Oh as for pointers, erm again most people would probably say use HTML parsers versus regular expressions and explode / split functions. They're probably right, but often HTML mark-up is broken so I suggest using regular expressions.

03-01-2009, 07:05 PM
Certainly a lot simpler. Preg_match is something I am unfamiliar with as I am new to arrays and such.

Thanks for your help.

Is there a good place to look up code to add so the script only runs if X amount of time has expired since it last run?

03-02-2009, 02:07 AM
I have run into a problem. Using the following code I get an error.
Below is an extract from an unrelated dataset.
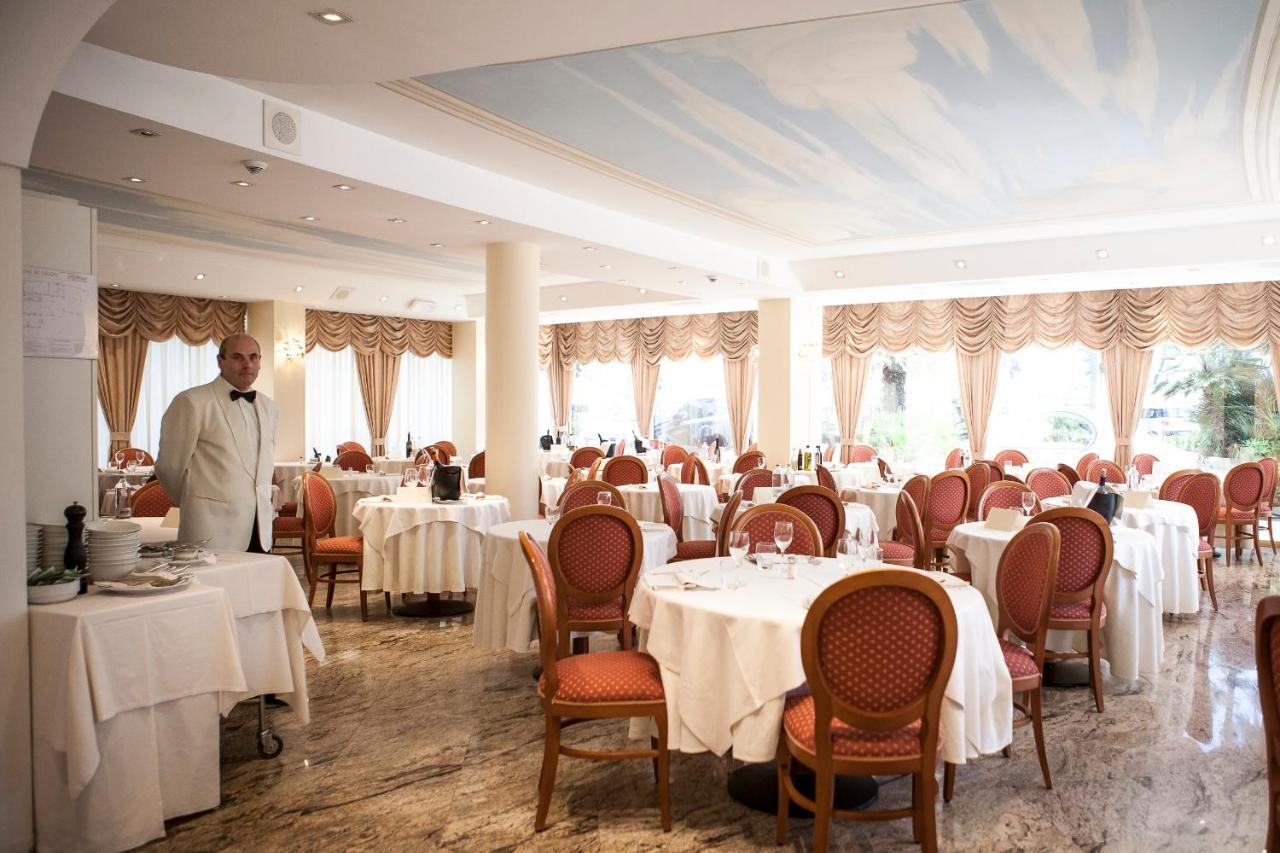 Hotel Nettuno Червія Екстер'єр фото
$html = file_get_contents('http://realmwar.warhammeronline.com/realmwar/GuildInfo.war?id=657&server=168');

preg_match('#<div id="rank" class="rankbar-full" style="width:(\d+)24(\d+)%" onmousemove="hoverFollow(event,(this.id+'-hover'));" onmouseout="hoverFollow(event,(this.id+'-hover'));"></div>#i', $html, $match);

echo "$match[1]";

How do I get this done since I get an error with the -hover? At least thats what I think is causing the error.

03-02-2009, 02:49 AM

$html = file_get_contents('http://realmwar.warhammeronline.com/realmwar/GuildInfo.war?id=657&server=168');

preg_match('#<div id="rank" class="rankbar-rank"[^>]*>(\d+)</div>#i', $html, $match);

echo $match[1];

03-04-2009, 04:15 AM
Thanks again for your help. I'll definately have to find a good regex resource.